[Opening RECORDS FOR THIS EXERCISE section]
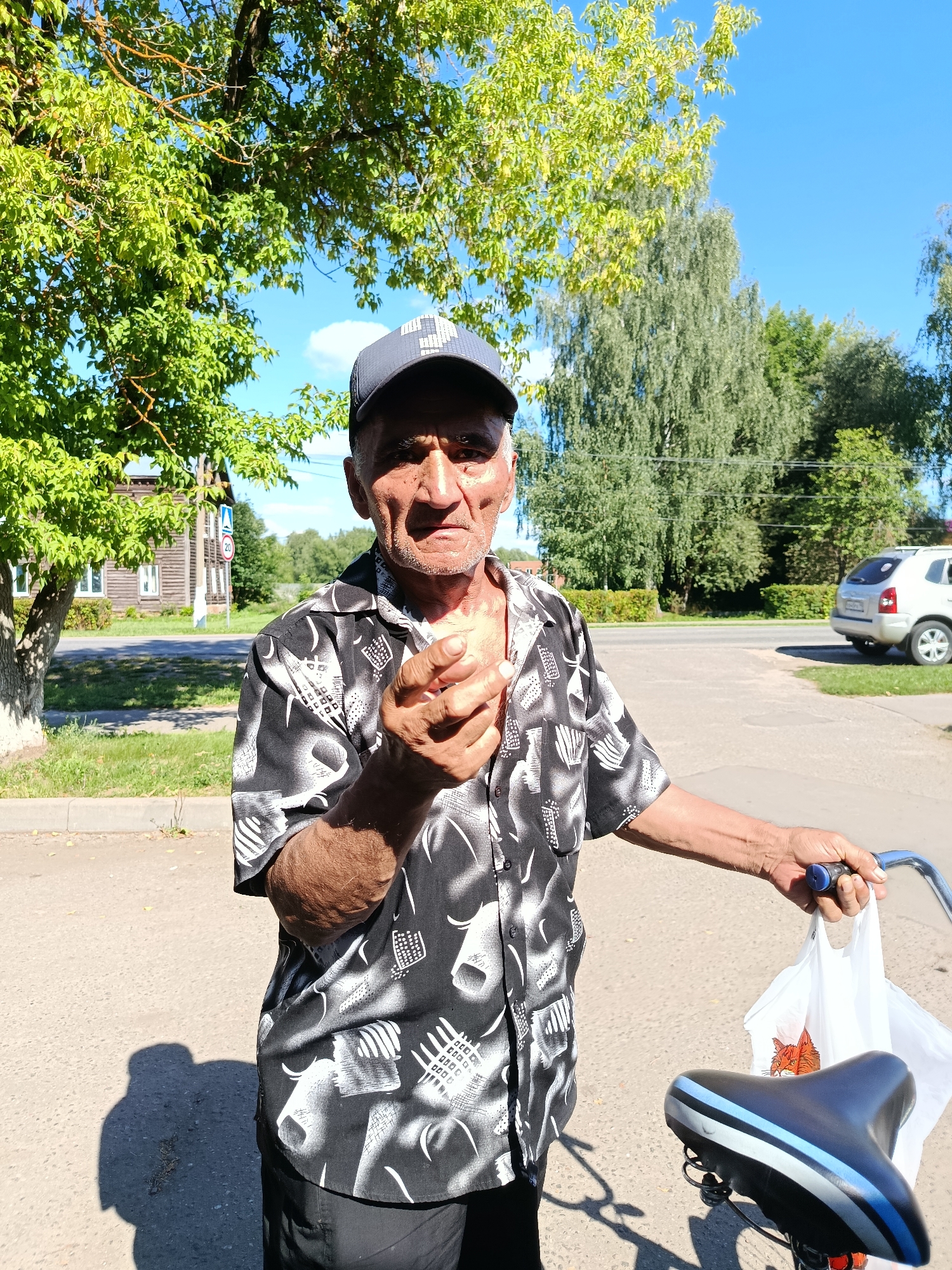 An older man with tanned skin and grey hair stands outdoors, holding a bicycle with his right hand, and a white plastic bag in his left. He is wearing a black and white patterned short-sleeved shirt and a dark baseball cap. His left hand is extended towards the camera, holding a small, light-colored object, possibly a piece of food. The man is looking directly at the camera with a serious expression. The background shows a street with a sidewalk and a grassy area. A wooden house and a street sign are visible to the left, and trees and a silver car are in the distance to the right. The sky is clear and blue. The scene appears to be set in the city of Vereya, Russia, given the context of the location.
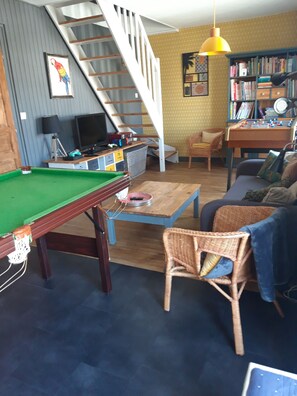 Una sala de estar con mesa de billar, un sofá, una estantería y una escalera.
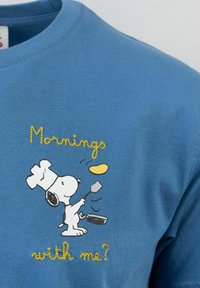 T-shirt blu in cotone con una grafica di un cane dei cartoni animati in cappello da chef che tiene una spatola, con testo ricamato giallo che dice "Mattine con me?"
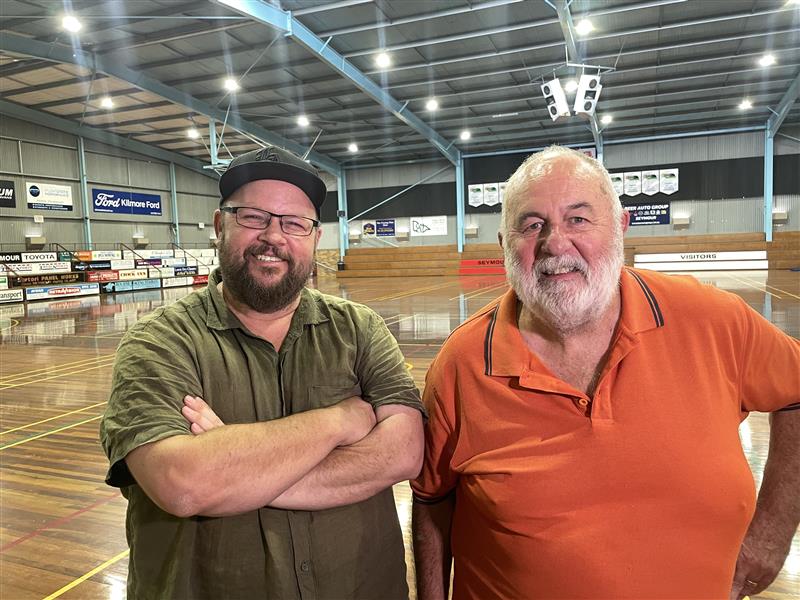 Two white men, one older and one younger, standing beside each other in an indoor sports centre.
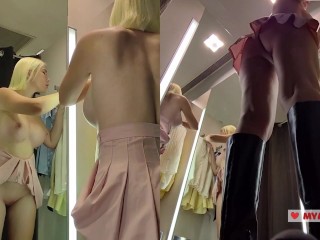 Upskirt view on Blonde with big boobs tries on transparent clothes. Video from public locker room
[Closing RECORDS FOR THIS EXERCISE section]
• _PROMPT_
Please print every record exactly, leaving out the pictures.

• _RESPONSE BOX_
 An older man with tanned skin and grey hair stands outdoors, holding a bicycle with his right hand, and a white plastic bag in his left. He is wearing a black and white patterned short-sleeved shirt and a dark baseball cap. His left hand is extended towards the camera, holding a small, light-colored object, possibly a piece of food. The man is looking directly at the camera with a serious expression. The background shows a street with a sidewalk and a grassy area. A wooden house and a street sign are visible to the left, and trees and a silver car are in the distance to the right. The sky is clear and blue. The scene appears to be set in the city of Vereya, Russia, given the context of the location.
 Una sala de estar con mesa de billar, un sofá, una estantería y una escalera.
 T-shirt blu in cotone con una grafica di un cane dei cartoni animati in cappello da chef che tiene una spatola, con testo ricamato giallo che dice "Mattine con me?"
 Two white men, one older and one younger, standing beside each other in an indoor sports centre.
 Upskirt view on Blonde with big boobs tries on transparent clothes. Video from public locker room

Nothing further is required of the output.